- **EXERCISE OBJECTIVE**: All entries below must be retyped exactly, though pictures are to be skipped.

___ INPUT

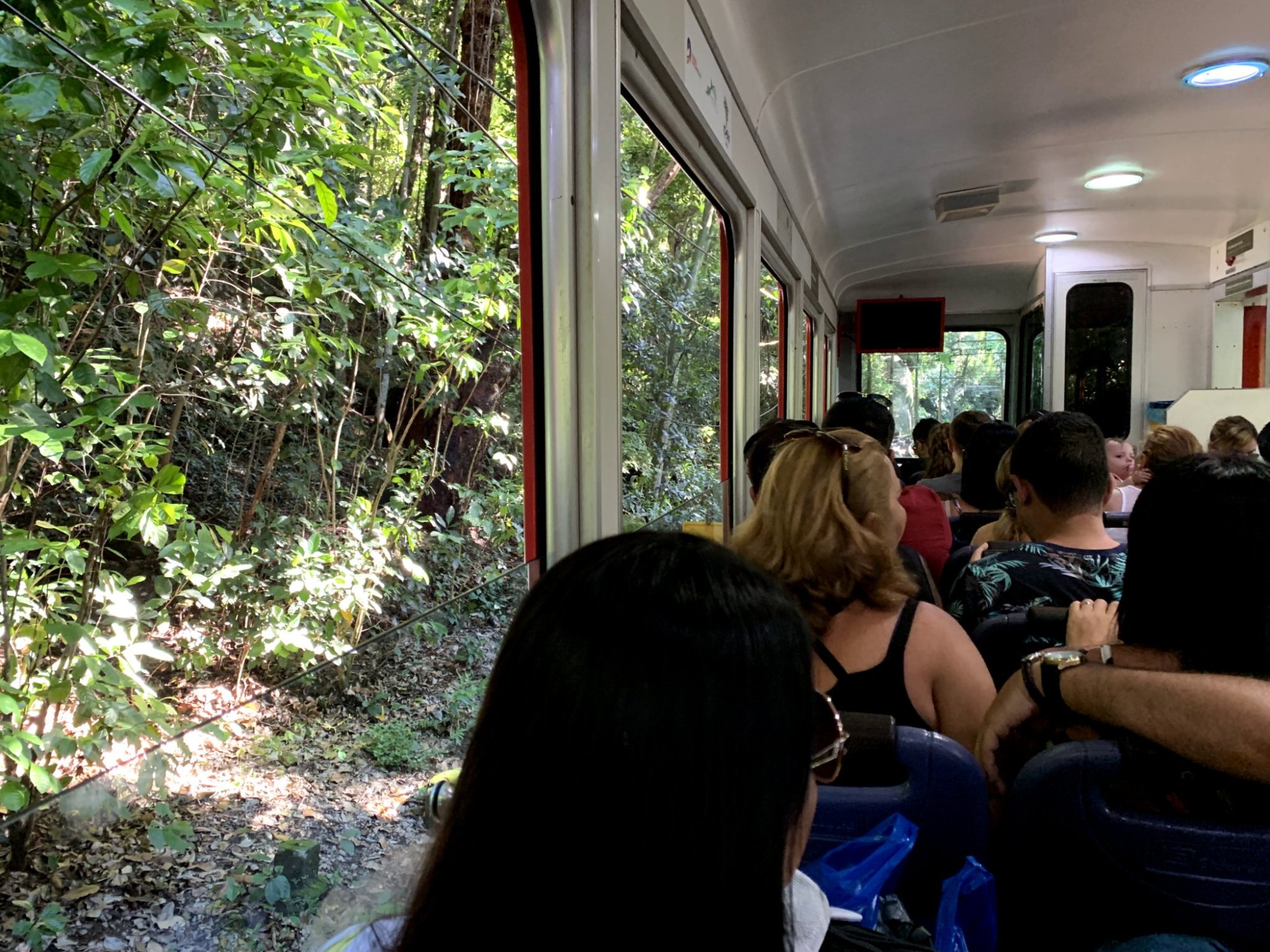 View of the Atlantic rainforest.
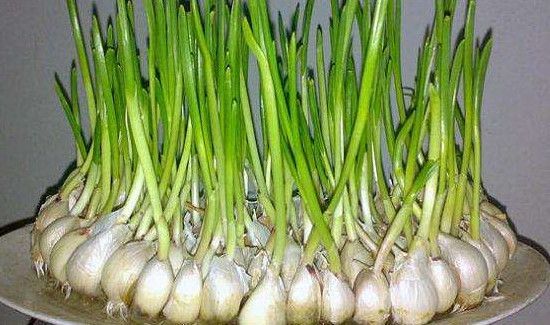 蒜头发芽能吃吗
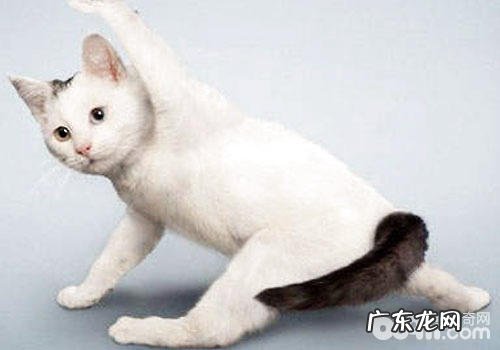 瑜伽:猫咪健身新方法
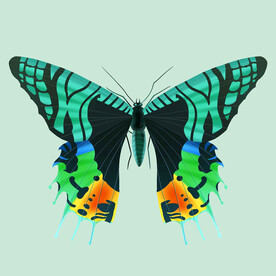 蝴蝶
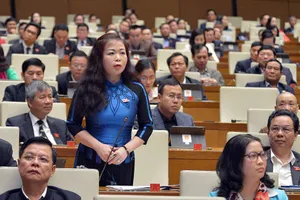 Đại biểu Vũ Thị Lưu Mai - Đoàn đại biểu Quốc hội TP Hà Nội phát biểu tại phiên thảo luận.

______

- **TASK ANSWER**:
 View of the Atlantic rainforest.
 蒜头发芽能吃吗
 瑜伽:猫咪健身新方法
 蝴蝶
 Đại biểu Vũ Thị Lưu Mai - Đoàn đại biểu Quốc hội TP Hà Nội phát biểu tại phiên thảo luận.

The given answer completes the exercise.